The amazing Mary Malloy, Jack (6.5), and Sam (5).
Mary is a previous project participant. You can view her original photo and story here.
When Mary was a month old, her birth mother left her at a bus station in Seoul, South Korea. She didn't learn this until she was older and says that as a child she assumed her story was like that which you see in movies. Being left on the steps of a church, inside a basket on some cold rainy night, with a handwritten note my mother pinned to her favorite blanket saying that she was “sorry about leaving me, and that she‘ll always love me.” That wasn't her reality and was hell of a thing for a teenage girl to process. It took Mary some time to work through her feelings but she knows now that she was loved. If her birth mother didn’t care for her she could have left her anywhere but she didn’t. She put Mary somewhere she'd be knew found, a public place where people, on their way to work or school, would make sure she'd get somewhere safe. Mary now feels lucky. She knows now that she's been loved her whole life. First by her birth mother, then by the adoption agency that took her in for three months and then her parents who adopted her and brought her to the US.

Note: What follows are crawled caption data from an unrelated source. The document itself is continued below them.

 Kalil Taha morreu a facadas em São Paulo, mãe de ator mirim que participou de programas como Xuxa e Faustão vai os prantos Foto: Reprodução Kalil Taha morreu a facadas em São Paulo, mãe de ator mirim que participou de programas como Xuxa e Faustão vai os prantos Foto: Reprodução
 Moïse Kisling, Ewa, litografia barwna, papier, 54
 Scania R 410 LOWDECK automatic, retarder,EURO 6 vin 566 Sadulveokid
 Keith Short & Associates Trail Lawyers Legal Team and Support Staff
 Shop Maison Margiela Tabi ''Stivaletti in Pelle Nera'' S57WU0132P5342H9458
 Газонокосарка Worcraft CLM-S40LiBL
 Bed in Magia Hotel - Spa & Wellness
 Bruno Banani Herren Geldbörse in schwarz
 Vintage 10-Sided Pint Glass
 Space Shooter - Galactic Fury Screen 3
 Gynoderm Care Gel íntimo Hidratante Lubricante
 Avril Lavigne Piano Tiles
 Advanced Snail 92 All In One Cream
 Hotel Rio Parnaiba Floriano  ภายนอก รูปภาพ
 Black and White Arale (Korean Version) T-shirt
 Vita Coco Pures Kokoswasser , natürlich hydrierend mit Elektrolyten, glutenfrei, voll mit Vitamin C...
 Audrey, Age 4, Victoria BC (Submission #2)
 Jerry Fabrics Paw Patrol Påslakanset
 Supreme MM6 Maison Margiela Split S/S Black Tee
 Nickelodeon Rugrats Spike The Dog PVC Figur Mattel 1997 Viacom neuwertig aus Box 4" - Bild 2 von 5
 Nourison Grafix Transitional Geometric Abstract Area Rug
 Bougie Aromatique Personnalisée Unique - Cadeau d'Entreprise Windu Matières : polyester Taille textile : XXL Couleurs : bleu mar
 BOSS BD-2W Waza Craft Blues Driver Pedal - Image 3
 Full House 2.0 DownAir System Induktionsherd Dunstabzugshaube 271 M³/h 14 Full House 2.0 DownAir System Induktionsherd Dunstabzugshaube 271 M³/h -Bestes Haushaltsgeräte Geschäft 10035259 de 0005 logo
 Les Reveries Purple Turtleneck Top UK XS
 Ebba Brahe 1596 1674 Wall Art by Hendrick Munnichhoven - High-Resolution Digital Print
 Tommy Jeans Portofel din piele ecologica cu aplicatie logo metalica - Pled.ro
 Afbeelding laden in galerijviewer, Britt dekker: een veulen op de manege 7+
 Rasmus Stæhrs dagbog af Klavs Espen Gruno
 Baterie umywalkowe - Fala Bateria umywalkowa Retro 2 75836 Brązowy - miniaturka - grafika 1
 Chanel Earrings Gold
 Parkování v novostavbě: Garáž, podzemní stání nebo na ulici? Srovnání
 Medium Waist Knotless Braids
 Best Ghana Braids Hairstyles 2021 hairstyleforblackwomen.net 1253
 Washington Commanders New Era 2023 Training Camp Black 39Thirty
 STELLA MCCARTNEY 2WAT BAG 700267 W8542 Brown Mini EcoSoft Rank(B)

"I’m a mother now. I’ve got two wild little boys are adore me, a husband that cherishes me and the best parents a girl left at a bus station in Seoul, South Korea could ever hope for."
"To tell your story is to heal. I think being naked or almost and sharing your story helps you heal. The more you tell it the more you heal and you may even give someone else the courage to start to share their story and start to heal."